Start of Data shown

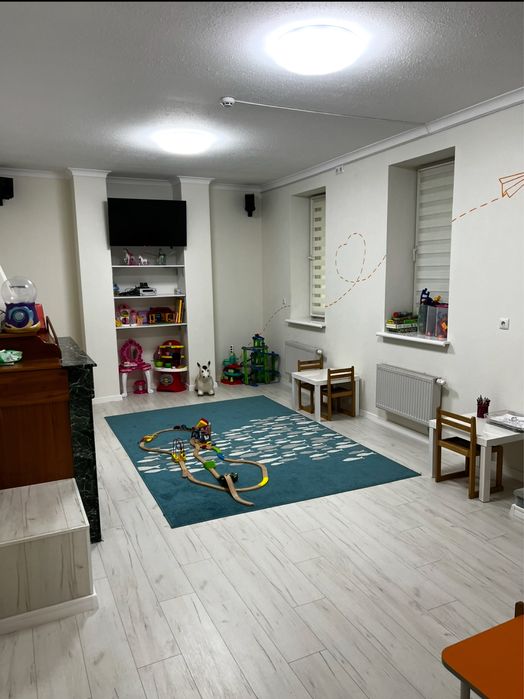 Продам діючий дитячий  садок з прибутком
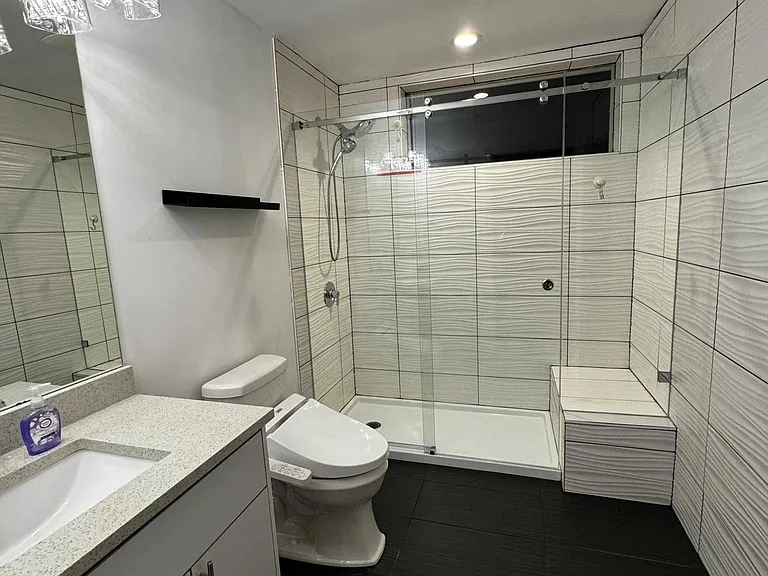 1541 Valentine Pl S — Photo 8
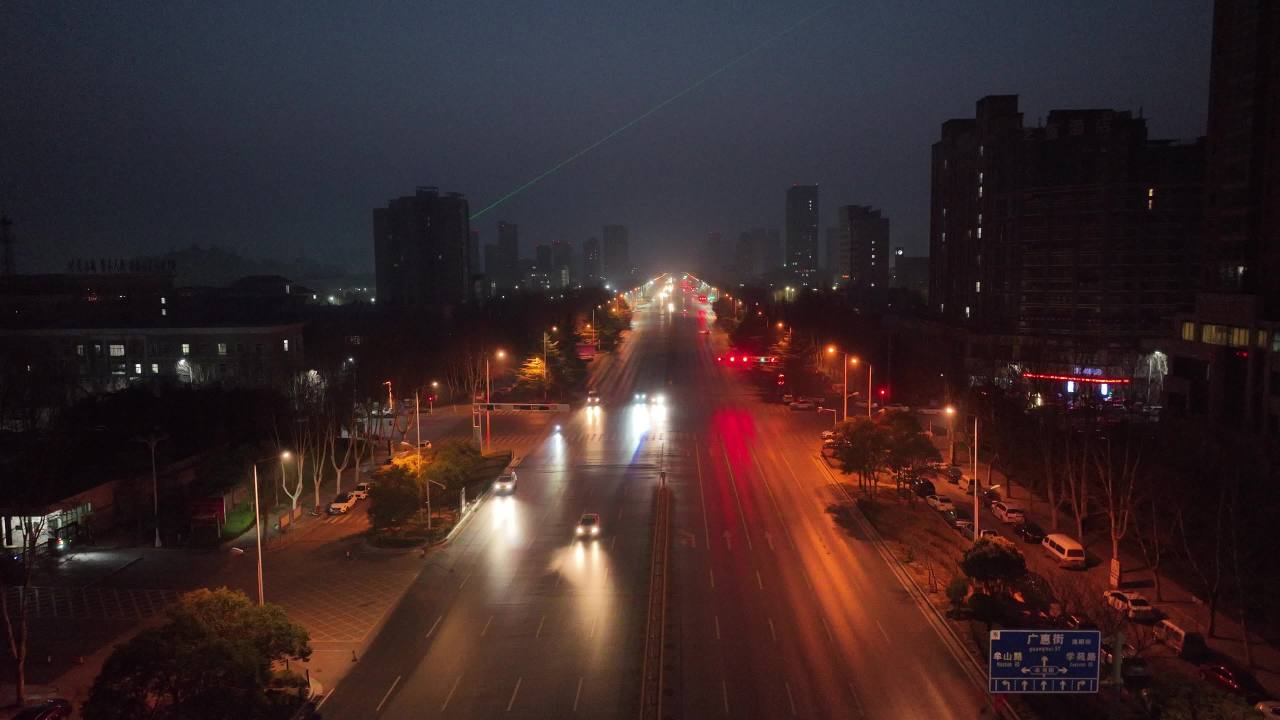 夜幕下的城市车流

End of Data shown

## Task prompt
Output all the material exactly. The pictures are to be left out.

## Result below
 Продам діючий дитячий  садок з прибутком
 1541 Valentine Pl S — Photo 8
 夜幕下的城市车流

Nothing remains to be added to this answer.